Something significant is happening in the bond market that retail investors shouldn’t ignore. U.S. bond ETF inflows have surged 60% compared to this time last year, according to Steve Laipply, global co-head of iShares fixed-income ETFs at BlackRock. The flood of money isn’t coming from panic; it’s coming from math. With the Federal Reserve under new Chair Kevin Warsh signaling potential rate hikes and inflation running above 4%, real yields — bond yields minus inflation — have turned meaningfully positive. “As a bond investor, real yield is your very good friend,” said George Bory, chief investment strategist of fixed income at Allspring Global Investments. Investors appear to agree: the 60% jump in inflows is one of the strongest signals the bond market has sent in years that the era of “there is no alternative to stocks” is over.
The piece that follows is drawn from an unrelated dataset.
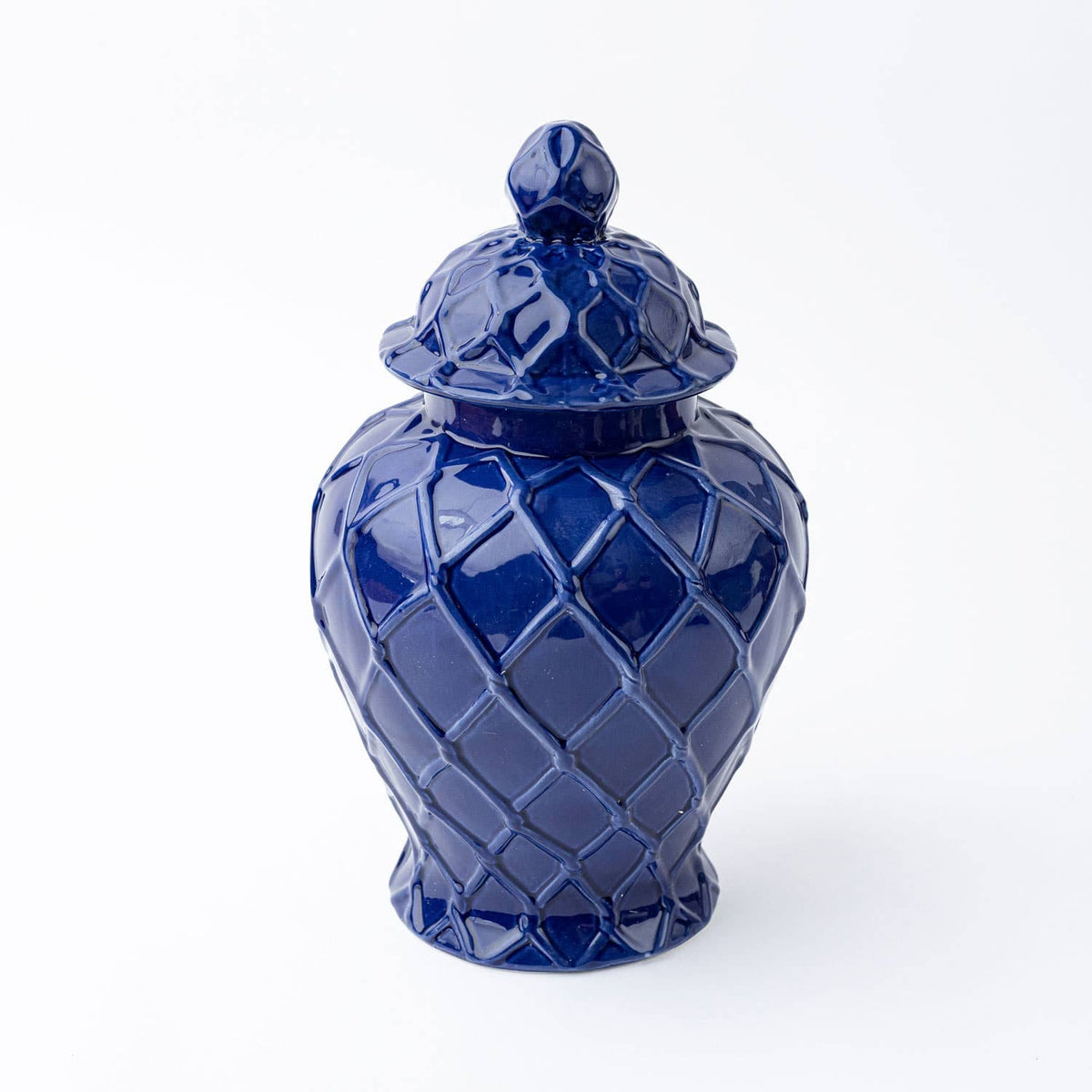Three navy textured ginger jars of different sizes, showcasing their detailed surface and elegant design.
The biggest inflows are going into two buckets: U.S. Treasuries and multi-sector income ETFs. Treasuries are attracting flight-to-quality money as stock volatility picks up, and the front end of the yield curve is now priced for multiple Fed rate hikes — meaning short-duration bonds are offering yields not seen since the pre-2008 era. Multi-sector income funds are capturing investors who want higher yields across investment-grade corporate bonds, high-yield debt, and emerging markets while keeping duration manageable. Laipply specifically flagged short-dated Treasury Inflation-Protected Securities (TIPS) as worth considering for investors still worried about inflation. Notably, the breakeven inflation rate — the market’s inflation expectations embedded in Treasuries — has been falling sharply at both the short and long end of the curve, a signal that bond investors believe inflation will eventually come down even if it’s painful right now. New Fed Chair Warsh’s decision to drop forward guidance has added an ‘uncertainty premium’ to the market, making active duration management more important than it’s been in years.
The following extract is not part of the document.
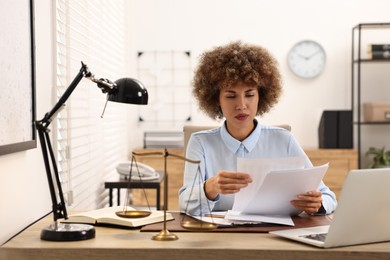 Notary working with documents at workplace in office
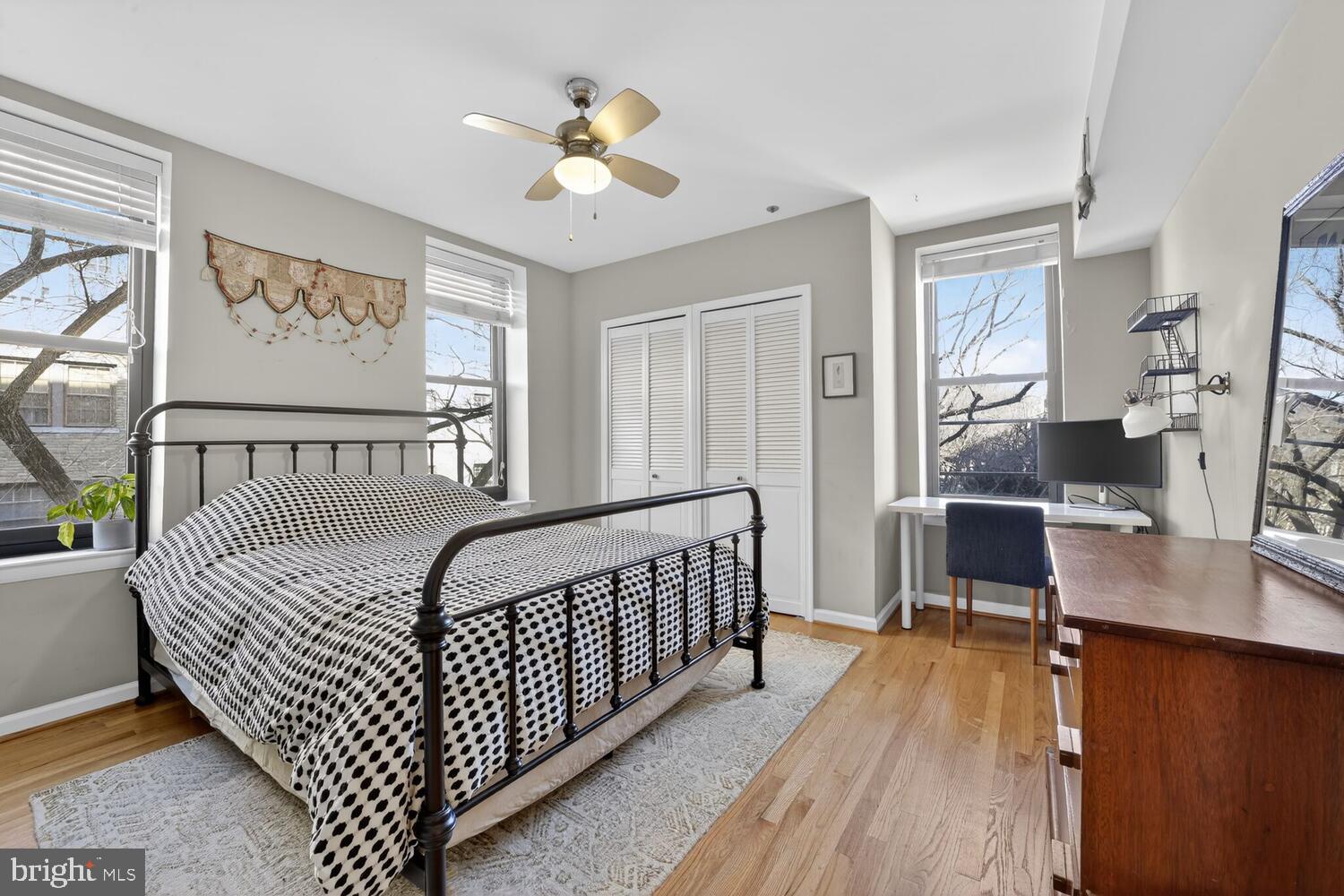 2633 Adams Mill Road Northwest, Unit 205 Washington, DC 20009 - Photo 12 of 18 a bedroom with furniture and a window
For retail investors sitting heavily in equities, the 60% surge in bond ETF flows is a data point worth acting on. The equity risk premium — the extra return stocks are expected to deliver over bonds — has narrowed considerably as Treasury yields have risen. You are now being paid less to take stock market risk than you were a year ago. A meaningful allocation to bond ETFs, particularly short-to-intermediate Treasuries (think iShares SHY or IEI) or multi-sector income funds, could provide better risk-adjusted returns in a higher-rate environment. One caution: Bory flagged that credit spreads are very tight right now, which can signal complacency about default risk in corporate bonds. Favor higher-quality fixed income — investment-grade or government bonds — and treat the extra yield on junk bonds with skepticism until spreads widen back toward historical norms.